7) Accounting automation
Sync vendors, invoices and spend to your GL by department/class/CC. Cledara offers real‑time accounting integrations to keep books tidy without manual rework.
FP&A expert angles you can borrow
- Christian Wattig: run SaaS budgeting in phases (kick‑off → joint planning → consolidation → iteration → alignment) and pick the right approach (driver‑based vs. ZBB vs. %‑adjust).
- Ben Murray (The SaaS CFO): treat SaaS as non‑wage opex modeled by department & category with formulas that spread/true‑up over time.
“Card per department” vs. “limits by type of spend”: a simple decision matrix

Implementation playbook (30/60/90 days)
Days 1–30: Define
- Write two concise policies: T&E/incidentals and SaaS.
- Set card eligibility & MCC rules; define receipt thresholds & audit steps.
- Stand up SaaS intake (Finance + IT/Security + Legal) and virtual cards per app in Cledara.
Days 31–60: Deploy
- Issue named cards; migrate SaaS to vendor‑specific virtual cards.
- Populate renewal calendar; assign each app an owner; connect accounting integrations.
Days 61–90: Improve
- Review usage & seat data; cut underuse, consolidate overlaps.
- Publish metrics dashboard and tune thresholds/approvals.
- Document lessons learned; refresh training and FAQs quarterly.
What to measure (so the policy sticks)
- % of spend under management (and under influence)—engage finance early on SaaS and big trips.
- T&E policy compliance rate (receipts, per‑diem adherence).
- Time‑to‑close and finance cost per dollar of spend (automation + clear policy should reduce both).

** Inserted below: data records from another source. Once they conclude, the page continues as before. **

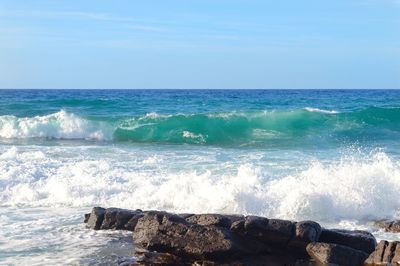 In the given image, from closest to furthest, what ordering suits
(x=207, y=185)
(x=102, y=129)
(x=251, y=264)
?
(x=251, y=264) → (x=207, y=185) → (x=102, y=129)

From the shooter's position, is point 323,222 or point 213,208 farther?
point 213,208

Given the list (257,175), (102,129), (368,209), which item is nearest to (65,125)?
(102,129)

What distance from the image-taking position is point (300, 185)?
10977 millimetres

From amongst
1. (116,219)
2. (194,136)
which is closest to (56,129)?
(194,136)

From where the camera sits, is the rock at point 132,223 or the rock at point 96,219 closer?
the rock at point 132,223

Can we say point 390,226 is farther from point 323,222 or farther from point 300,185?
point 300,185

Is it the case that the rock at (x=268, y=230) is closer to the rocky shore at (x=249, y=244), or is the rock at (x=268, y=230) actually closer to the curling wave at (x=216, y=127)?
the rocky shore at (x=249, y=244)

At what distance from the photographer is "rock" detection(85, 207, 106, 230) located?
8697 mm

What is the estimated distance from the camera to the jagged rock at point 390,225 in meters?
8.96

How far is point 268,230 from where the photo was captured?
725 centimetres

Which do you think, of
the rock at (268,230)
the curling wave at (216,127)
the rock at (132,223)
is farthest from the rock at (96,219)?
the curling wave at (216,127)

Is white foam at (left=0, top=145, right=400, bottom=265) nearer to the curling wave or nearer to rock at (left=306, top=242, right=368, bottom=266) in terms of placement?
rock at (left=306, top=242, right=368, bottom=266)

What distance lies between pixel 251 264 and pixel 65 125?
17.6 metres

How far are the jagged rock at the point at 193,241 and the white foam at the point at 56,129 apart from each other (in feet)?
49.8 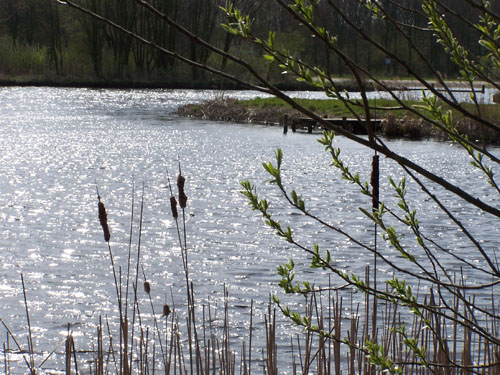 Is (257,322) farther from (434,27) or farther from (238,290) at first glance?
(434,27)

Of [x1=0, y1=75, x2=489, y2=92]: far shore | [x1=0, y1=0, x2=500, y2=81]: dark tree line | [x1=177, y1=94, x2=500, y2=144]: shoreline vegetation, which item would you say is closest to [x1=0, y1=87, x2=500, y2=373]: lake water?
[x1=177, y1=94, x2=500, y2=144]: shoreline vegetation

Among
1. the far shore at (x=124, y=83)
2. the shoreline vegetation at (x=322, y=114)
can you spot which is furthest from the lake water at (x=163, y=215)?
the far shore at (x=124, y=83)

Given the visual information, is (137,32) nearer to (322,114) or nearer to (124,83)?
(124,83)

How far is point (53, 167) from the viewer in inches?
754

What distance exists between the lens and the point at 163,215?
1307 cm

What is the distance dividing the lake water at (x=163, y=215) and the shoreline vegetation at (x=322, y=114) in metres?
1.43

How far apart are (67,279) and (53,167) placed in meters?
10.6

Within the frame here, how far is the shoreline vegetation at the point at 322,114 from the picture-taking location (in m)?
27.0

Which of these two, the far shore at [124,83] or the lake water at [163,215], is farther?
the far shore at [124,83]

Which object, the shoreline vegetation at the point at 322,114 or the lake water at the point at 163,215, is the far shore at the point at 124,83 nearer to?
the shoreline vegetation at the point at 322,114

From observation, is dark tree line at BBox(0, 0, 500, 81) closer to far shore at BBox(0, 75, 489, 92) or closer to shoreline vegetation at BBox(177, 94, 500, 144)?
far shore at BBox(0, 75, 489, 92)

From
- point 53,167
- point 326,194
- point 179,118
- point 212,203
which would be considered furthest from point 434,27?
point 179,118

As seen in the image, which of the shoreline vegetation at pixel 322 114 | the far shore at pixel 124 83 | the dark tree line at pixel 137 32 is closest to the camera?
the shoreline vegetation at pixel 322 114

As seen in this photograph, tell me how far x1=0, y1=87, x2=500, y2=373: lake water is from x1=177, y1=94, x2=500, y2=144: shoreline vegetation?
1.43 metres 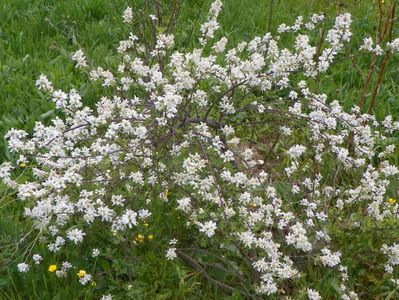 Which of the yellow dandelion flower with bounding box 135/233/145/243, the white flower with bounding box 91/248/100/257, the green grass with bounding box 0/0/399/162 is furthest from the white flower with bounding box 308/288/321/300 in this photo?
the green grass with bounding box 0/0/399/162

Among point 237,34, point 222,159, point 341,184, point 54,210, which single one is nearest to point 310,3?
point 237,34

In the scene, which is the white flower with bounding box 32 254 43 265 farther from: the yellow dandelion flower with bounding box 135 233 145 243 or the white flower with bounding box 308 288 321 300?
the white flower with bounding box 308 288 321 300

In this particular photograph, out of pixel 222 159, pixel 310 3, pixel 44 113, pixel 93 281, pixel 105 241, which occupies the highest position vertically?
pixel 310 3

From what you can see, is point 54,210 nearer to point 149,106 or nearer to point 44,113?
point 149,106

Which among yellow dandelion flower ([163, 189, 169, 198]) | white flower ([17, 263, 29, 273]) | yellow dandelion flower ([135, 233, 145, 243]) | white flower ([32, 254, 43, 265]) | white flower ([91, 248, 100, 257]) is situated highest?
yellow dandelion flower ([163, 189, 169, 198])

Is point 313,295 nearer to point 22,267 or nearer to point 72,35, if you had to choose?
point 22,267

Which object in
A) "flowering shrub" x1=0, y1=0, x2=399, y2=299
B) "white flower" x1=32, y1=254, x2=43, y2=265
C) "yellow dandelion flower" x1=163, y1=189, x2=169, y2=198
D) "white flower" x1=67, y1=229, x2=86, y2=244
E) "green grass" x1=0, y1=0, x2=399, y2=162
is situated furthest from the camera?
"green grass" x1=0, y1=0, x2=399, y2=162

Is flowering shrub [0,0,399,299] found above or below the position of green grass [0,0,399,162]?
below

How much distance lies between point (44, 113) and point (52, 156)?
1.40 m

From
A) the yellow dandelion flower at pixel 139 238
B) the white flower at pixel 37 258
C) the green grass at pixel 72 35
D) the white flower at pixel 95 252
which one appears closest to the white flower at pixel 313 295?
the yellow dandelion flower at pixel 139 238

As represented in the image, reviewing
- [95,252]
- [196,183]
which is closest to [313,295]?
[196,183]

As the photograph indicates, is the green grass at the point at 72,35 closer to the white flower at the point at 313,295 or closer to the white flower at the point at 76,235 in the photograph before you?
the white flower at the point at 76,235

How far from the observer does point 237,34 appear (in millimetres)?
4906

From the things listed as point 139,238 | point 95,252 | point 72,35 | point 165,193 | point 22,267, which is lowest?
point 22,267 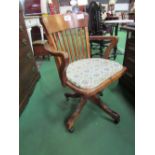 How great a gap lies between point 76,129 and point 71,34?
0.94 m

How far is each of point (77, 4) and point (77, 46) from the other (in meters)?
6.06

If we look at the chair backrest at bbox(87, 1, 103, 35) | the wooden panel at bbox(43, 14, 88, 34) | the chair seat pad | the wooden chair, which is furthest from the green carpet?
the chair backrest at bbox(87, 1, 103, 35)

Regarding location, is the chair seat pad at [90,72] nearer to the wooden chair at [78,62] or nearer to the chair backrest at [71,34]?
the wooden chair at [78,62]

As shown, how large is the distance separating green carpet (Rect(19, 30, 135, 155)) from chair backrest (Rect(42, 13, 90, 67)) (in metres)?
0.59

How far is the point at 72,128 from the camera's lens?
3.83 ft

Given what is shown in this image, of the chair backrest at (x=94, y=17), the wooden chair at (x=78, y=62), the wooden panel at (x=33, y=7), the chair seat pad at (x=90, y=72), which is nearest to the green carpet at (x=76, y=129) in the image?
the wooden chair at (x=78, y=62)

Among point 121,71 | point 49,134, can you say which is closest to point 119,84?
point 121,71

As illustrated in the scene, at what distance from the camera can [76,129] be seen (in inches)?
46.6

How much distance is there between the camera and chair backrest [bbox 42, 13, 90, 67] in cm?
121

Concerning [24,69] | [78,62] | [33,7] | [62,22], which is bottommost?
[24,69]

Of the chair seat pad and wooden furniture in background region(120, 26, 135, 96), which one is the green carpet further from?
the chair seat pad

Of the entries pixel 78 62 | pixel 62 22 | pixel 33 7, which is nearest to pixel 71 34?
pixel 62 22

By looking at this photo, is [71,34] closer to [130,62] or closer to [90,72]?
[90,72] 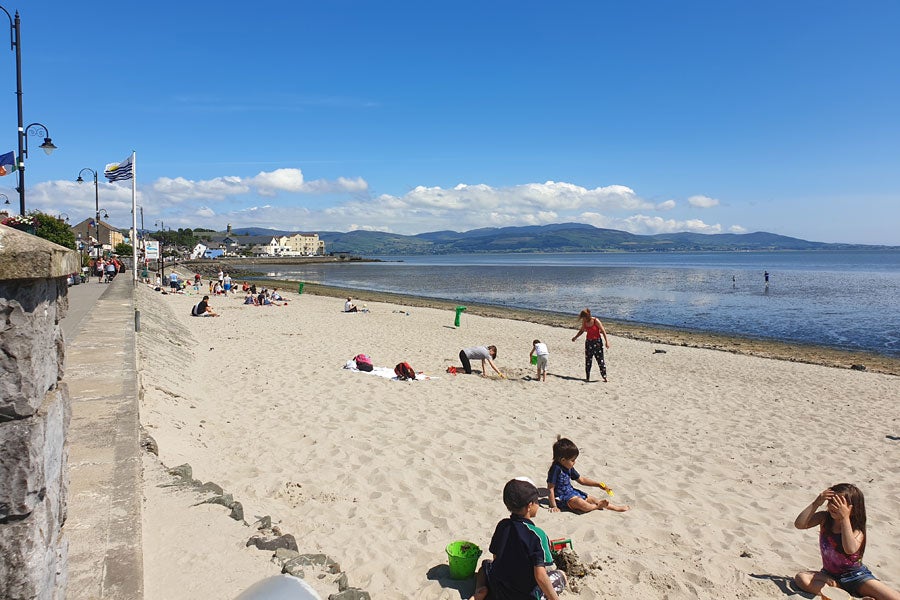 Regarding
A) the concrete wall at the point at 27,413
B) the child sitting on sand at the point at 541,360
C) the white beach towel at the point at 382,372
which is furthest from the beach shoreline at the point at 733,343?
the concrete wall at the point at 27,413

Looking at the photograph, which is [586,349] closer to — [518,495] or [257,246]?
[518,495]

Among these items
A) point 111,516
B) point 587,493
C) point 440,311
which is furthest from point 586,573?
point 440,311

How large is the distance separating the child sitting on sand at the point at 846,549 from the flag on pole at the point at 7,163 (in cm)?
1617

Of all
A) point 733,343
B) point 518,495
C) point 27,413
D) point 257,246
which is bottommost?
point 733,343

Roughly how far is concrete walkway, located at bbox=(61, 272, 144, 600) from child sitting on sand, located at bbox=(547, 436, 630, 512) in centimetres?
398

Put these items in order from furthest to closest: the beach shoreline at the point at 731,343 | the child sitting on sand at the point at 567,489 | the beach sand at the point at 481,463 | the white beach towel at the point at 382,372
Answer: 1. the beach shoreline at the point at 731,343
2. the white beach towel at the point at 382,372
3. the child sitting on sand at the point at 567,489
4. the beach sand at the point at 481,463

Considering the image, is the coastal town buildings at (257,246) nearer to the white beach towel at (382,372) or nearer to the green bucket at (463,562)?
the white beach towel at (382,372)

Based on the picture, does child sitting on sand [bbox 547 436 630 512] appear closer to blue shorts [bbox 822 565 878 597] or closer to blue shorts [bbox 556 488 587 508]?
blue shorts [bbox 556 488 587 508]

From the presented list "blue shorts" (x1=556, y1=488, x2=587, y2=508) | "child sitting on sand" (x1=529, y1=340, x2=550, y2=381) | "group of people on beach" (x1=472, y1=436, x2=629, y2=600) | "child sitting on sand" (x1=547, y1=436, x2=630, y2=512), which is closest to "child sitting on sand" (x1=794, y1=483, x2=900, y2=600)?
"child sitting on sand" (x1=547, y1=436, x2=630, y2=512)

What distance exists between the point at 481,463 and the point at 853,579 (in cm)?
393

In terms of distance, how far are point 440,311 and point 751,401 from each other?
71.7 ft

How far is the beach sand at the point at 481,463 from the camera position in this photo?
4562 mm

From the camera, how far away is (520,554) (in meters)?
3.91

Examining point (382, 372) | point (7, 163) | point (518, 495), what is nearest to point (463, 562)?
point (518, 495) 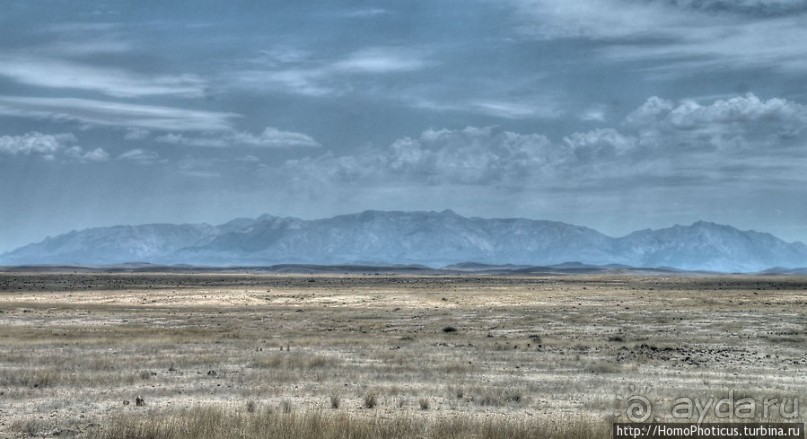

- SaaS renewal outcomes: Net price change, seat change, churned apps, duplicates removed.
Cledara quick‑start (how to configure this in minutes)
- SaaS: Create an app request form → route for approvals → issue a virtual card per app with a monthly/annual limit → upload agreements & compliance docs → set a renewal reminder (60–90 days) → sync to your GL.
- Business spend (optional with Cledara Spend): Create team budgets, issue prepaid cards to budget owners, set category caps and submission rules; roll up spend by department.
One last thought
Policies work when they’re simple, automated, and owned. Start small, make it easy to follow, and let your tools enforce the boring parts—so Finance can focus on partnering with the business, not policing it.
This article is for general guidance and not legal, tax, or accounting advice.